“That’s Not My Job”: I&O’s Role Shift When It Comes To Security
In the halcyon days of my sysadmin youth, my team was asked to perform entitlement reviews on sensitive systems. When we were asked to determine who should have access to what, my director responded in a way I would never forget:
“That’s not my job.”
It sounds snarky, but he was correct. It wasn’t our job. It was security’s role to create policies to execute. It was the business’ decision to determine who should have access to what. It was compliance’s role to verify access. Our role was to ensure these things could be done as safely, quickly, and easily as possible.
I&O needed a role change. The way to address it: automation.

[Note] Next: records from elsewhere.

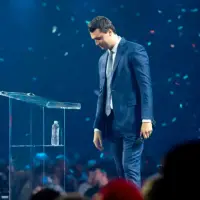 Charlie Kirk participó activamente en la campaña de Donald Trump atrayendo votantes jóvenes. FOTO: AFP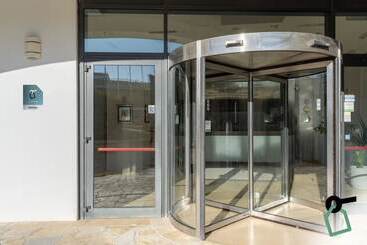 هتل Hotiday Room Collection   Otranto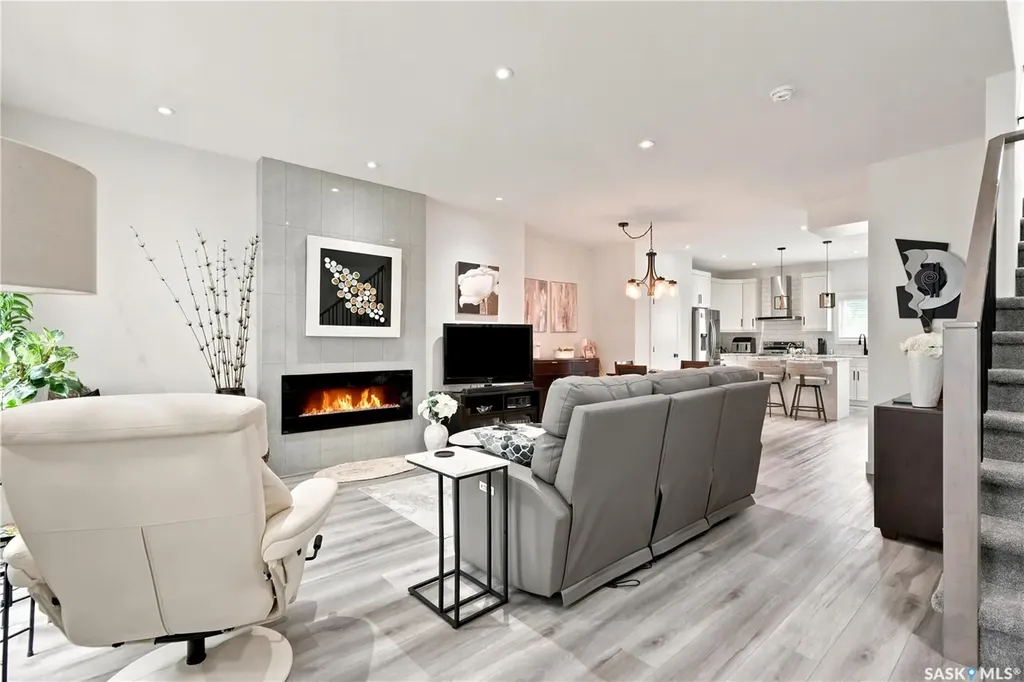 414A 109th Street W Saskatoon SK S7N 1R7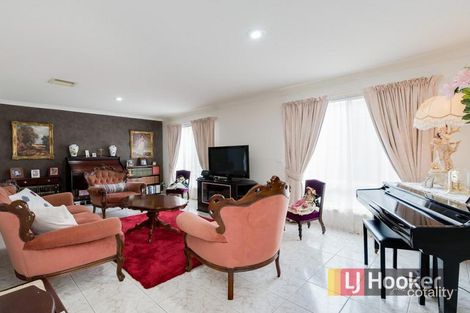 Property photo of 166 Sweeney Drive Narre Warren VIC 3805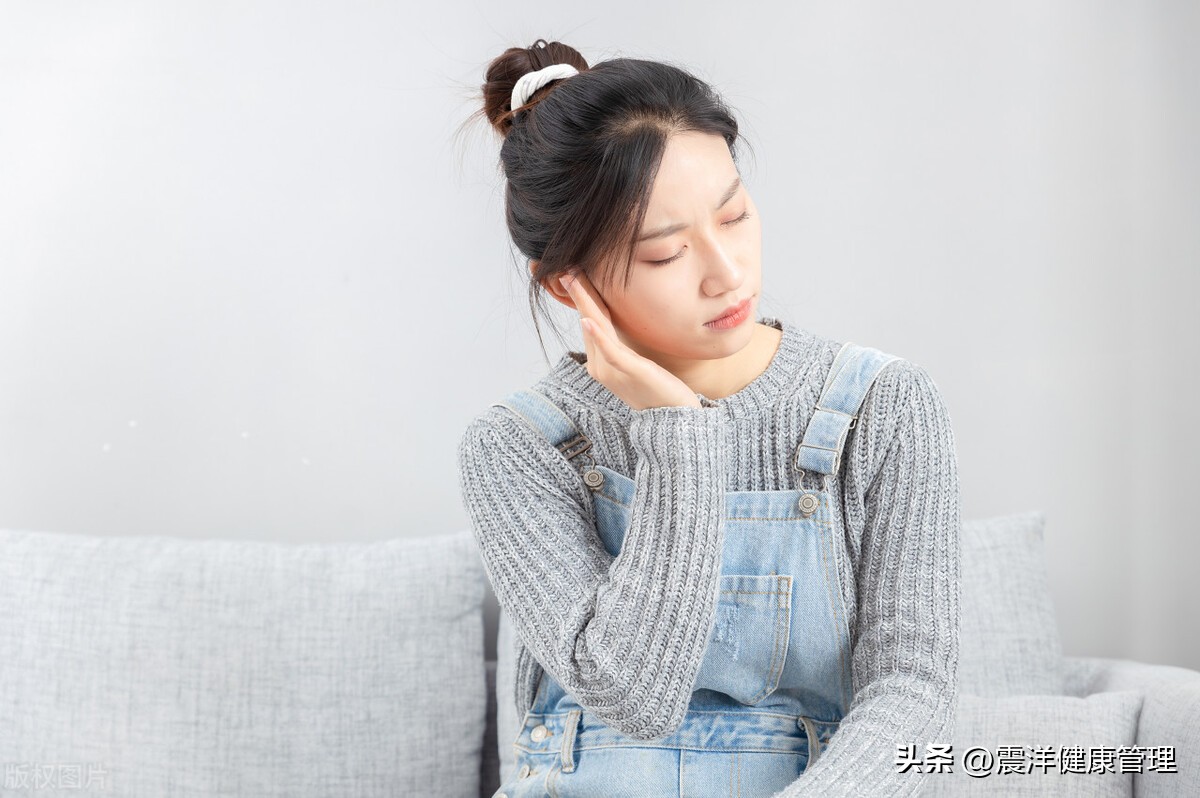 耳朵特别痒又掏不出耳屎怎么办,耳朵里痒一掏就流水是什么原因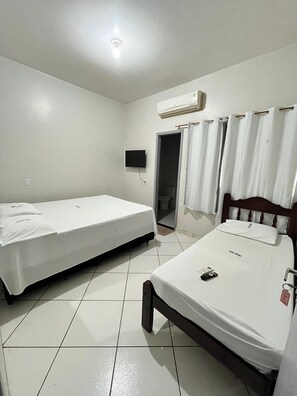 Standard Twin Room | Free WiFi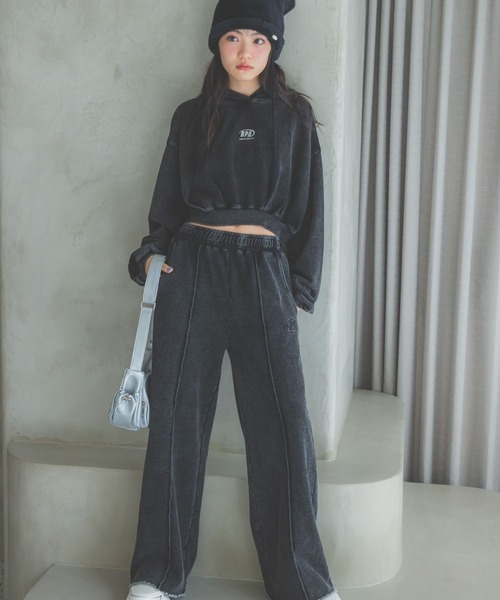 repipi armario（レピピ アルマリオ）の「ルーズショートフーディ（パーカー・キッズ・グレー/チャコールグレー/ブラック・SMALL/MEDIUM/LARGE）」の19枚目の写真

Automation evolves I&O into enablers. Configuration management automation sets up the baseline, guaranteeing a stable environment. Continuous delivery release automation enables consistent setup from development to test to production. Microsegmentation automation using software-defined networking secures traffic channels. Security automation rounds out the picture, ensuring everything is locked down and providing analytics to verify it.
In an updated report, Joseph Blankenship, Dr. Chase Cunningham, and I review the automation landscape and how infrastructure automation in particular forces a necessary, and beneficial, role change for I&O. In the Zero Trust eXtended ecosystem, locking down data is central. Infrastructure automation makes it a reality down to the bare metal.